I know it sounds trite but how we see things makes a huge difference to our lives.
Plato urged us “to know things as they really are – to penetrate behind appearance to reality.”
Unfortunately this is not possible. Oliver Wendell Holmes nailed it when he told us that there is no one way that the world is, so it follows that there is no one way that it can be accurately depicted. Instead there are myriads of ways which are enabled by our different views of the world.
Art has shown us this. After the classical period when artists strived to depict things in a very traditional and conservative way came an array of painters who wanted to view the world through their own world-views. At a time when our scientists were challenging the orthodoxy our artists began to do the same.
First we had the innovations associated with Impressionism. Out of this came the patchwork compositions of Cezanne, the Pointillism of Seurat and the Cubist works of Braque and Picasso.
As Peter Watson, in The Age of Atheists observed:
“Here the very foundations of reality – of seeing, of understanding seeing – were being experimented with, just as the experiments in physics taking place at much the same time were yielding – in the X-ray, radio waves and the electron , for instance – new building blocks of nature. Painting was overwhelmed by these innovations: they changed the very idea of art and how we are to understand ourselves.”
If we want a discrete example from art about the different ways of seeing things, Claude Monet presents a great example. In 1892 Monet rented a room opposite the west front of Rouen Cathedral. Rouen Cathedral is a Roman Catholic Gothic cathedral in Rouen, in north-western France. It is the seat of the Archbishop of Rouen and Normandy. In the following weeks he made around twenty paintings of the same façade under different conditions of light. He demonstrated that the same thing could be seen in many different ways. Each painting might be seen as a different act of seeing the same thing!

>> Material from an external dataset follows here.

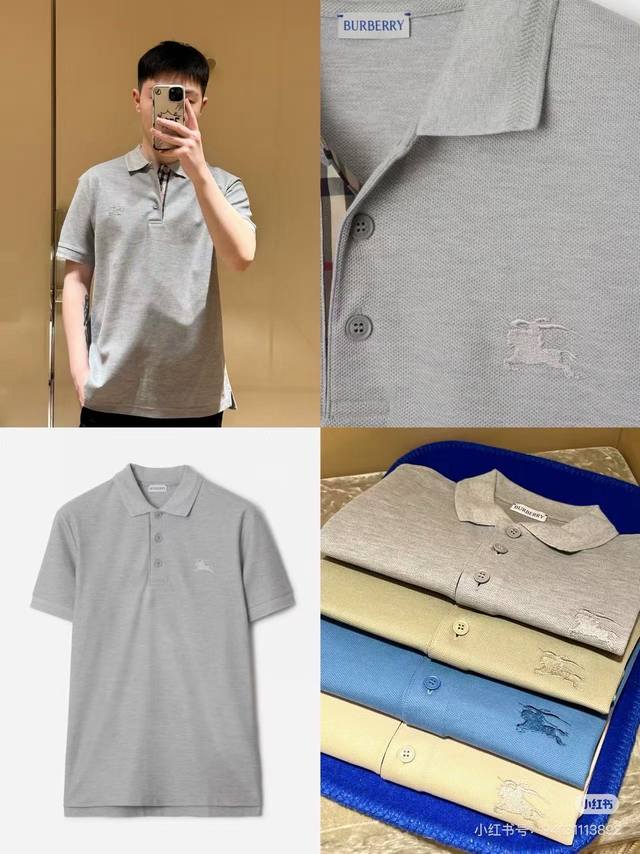 Burberry 25Ss Warhorse Embroidered Logo Polo Short Sleeve Unisex Style As always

It is a surprise to some of us that we see things differently. How we see things personally seems obviously to be the only way. But if we pause a little and take stock it is readily apparent that we are conditioned to see things the way we do and understanding that, it should be no surprise that others are conditioned to see things differently.
In The Psychology of Consciousness, Robert Ornstein uses a delightful parable to show how consciousness creates the experienced world of the individual.
A father says to his double-seeing son, “Son, you see two instead of one.”
“How can that be?” the boy replied. “If I did, there would seem to be four moons up there in place of two.”
Our everyday sense of reality is in fact the tapestry that our consciousness lays out. We make the same mistake as the double-seeing son; we assume that our own personal consciousness depicts the actual world. We, indeed, mistake the map for the territory. The world that we know and accept to be real is in fact a mental construct of our consciousness.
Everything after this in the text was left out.